Should Data Scientists Learn Web Scraping?
More and more information is becoming available on the web with each passing second, but most of this data is only accessible using a web browser. Imagine the potential applications of all this data if it were structured and in a ready to analyze form. Businesses could get their hands on compelling insights and many new avenues of data-driven growth strategies could be unlocked with it.
That’s exactly what web scraping is – a tool for turning the unstructured data on the web into machine readable, structured data which is ready for analysis. There are many different approaches to getting data from the web such as writing a custom crawler from scratch, web crawler tools and ‘Data as a Service’ model companies. While there are dedicated services catering to the web data requirement of businesses, web scraping as a skill is gaining popularity too.
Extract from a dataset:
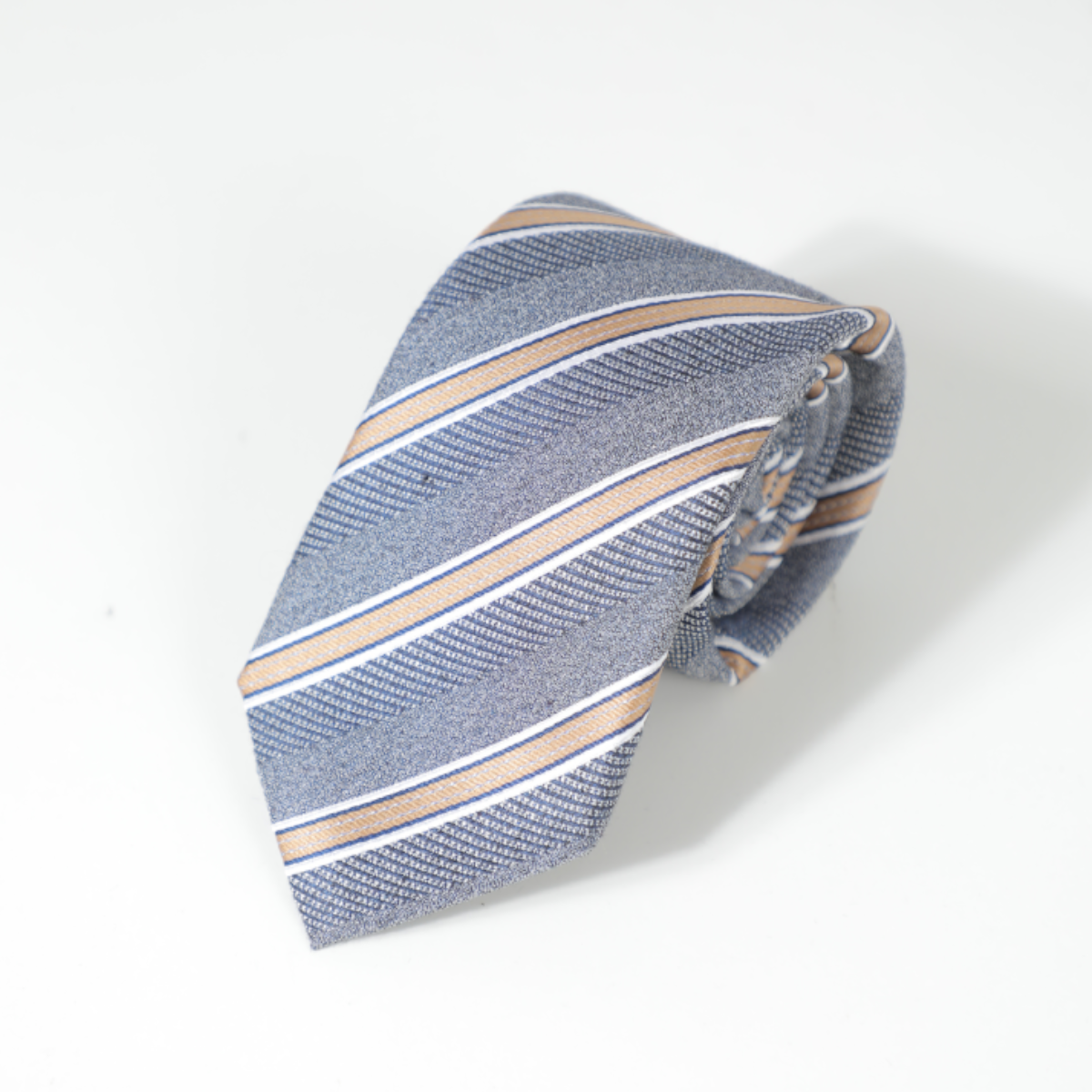 D's Damat Blue Tie With Beige Stripes
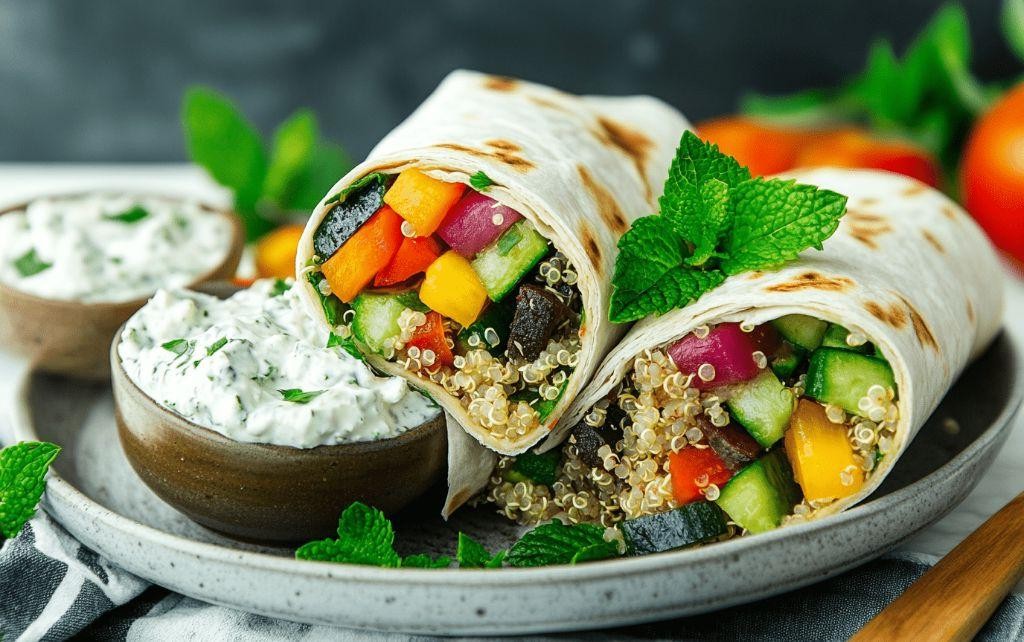 Greek Salad Veggie Wrap with Tzatziki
Data scientist is a role that’s most likely to get some value addition with web scraping in the skill set.
However, there is a clear distinction between an enterprise-grade web scraping service and learning to scrape a simple HTML page from the web. We’ll get into this later, let’s now see if data scientists should actually pursue web scraping as a skill.
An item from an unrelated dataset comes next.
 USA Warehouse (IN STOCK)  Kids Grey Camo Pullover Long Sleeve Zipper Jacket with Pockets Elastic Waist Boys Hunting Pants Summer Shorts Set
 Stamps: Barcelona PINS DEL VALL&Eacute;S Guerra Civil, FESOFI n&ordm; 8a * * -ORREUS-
The evolution of data scientist
Data scientist is one of the most in-demand jobs in the technology industry right now. This demand is expected to increase further as more companies realize the value of big data as a business intelligence tool. Big data is helping businesses get insights about customer preferences, predict future industry trends and is enabling them to track their competitors’ activity in real time. As the person responsible for turning data into insights, the role of a data scientist is no more obscure and has gained mainstream popularity over the last few years.
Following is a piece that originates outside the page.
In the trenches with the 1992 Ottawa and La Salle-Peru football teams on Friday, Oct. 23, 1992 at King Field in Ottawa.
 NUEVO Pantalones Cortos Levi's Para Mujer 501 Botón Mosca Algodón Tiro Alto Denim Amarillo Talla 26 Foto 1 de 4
The term ‘data scientist’ was coined by Jeff Hammerbacher and DJ Patil in 2008 in Silicon Valley. Ever since its inception, the skill sets and responsibilities associated with this role has been evolving, owing to the fresh challenges that keep coming up. Data is now growing both in volume and variety, contributing to the addition of complexities.
This scenario demands more from the role of data scientist such as the ability to deploy unconventional techniques to extract, mine and analyze data sets with a creative appetite.
Although there were no specialized courses for data scientists when the term first made it to the job postings, there are dedicated training programs and courses for data scientists now.
The data scientist’s skill-set
As with the challenges in big data, the skill sets of data scientists have been evolving too. Here are the key skills anyone pursuing data science as a career path should possess.
- Machine learning
- Multivariable Calculus and Linear Algebra
- Data munging
- Data Visualization and communication
Web being the biggest and ever-growing source of big data, there’s no doubt about web scraping being a great addition to your skill set as a data scientist. Having this unique skill would also help you stand out when on the lookout for a job.
Web scraping as a skill
When it comes to basic web scraping, you don’t really need to learn programming and reinvent the wheel, thanks to the nifty DIY tools out there. There are web scraping tools that are available as hosted solutions, desktop clients and browser extensions.
As a data scientist, you will be working around data a lot and the know-how of web scraping will prove to be invaluable in many occasions. Let’s say you’re looking to export a Wikipedia table to a CSV file for quick reference, learning how to scrape a webpage using Google docs might help you.
If you like to do things from scratch, learning programming can help you perform web scraping without the help of tools. You can check out our recent post on the best programming languages for web scraping to get started. An in-house crawler setup that you would build on your own can be useful in scraping small volumes of data from relatively simple websites. It will however not be adequate for recurring crawls that involve large-scale extraction. Since that would need a robust infrastructure, continuous maintenance and monitoring, it’s always better to outsource the web scraping project to a dedicated service provider.
Data scientists can think of web scraping as a welcome addition to their skill set if they want to be dynamic and take on more cross functional roles to help grow the business using data-driven decisions. The technical know-how of web scraping is not meant to replace the analytical skills that a data scientist should possess, but rather complement them. Those candidates who can draw on a wide range of skills surrounding big data will be an asset to the team and would land better opportunities. Web scraping is one of those relatively simple skills that will put you light years ahead of the competition.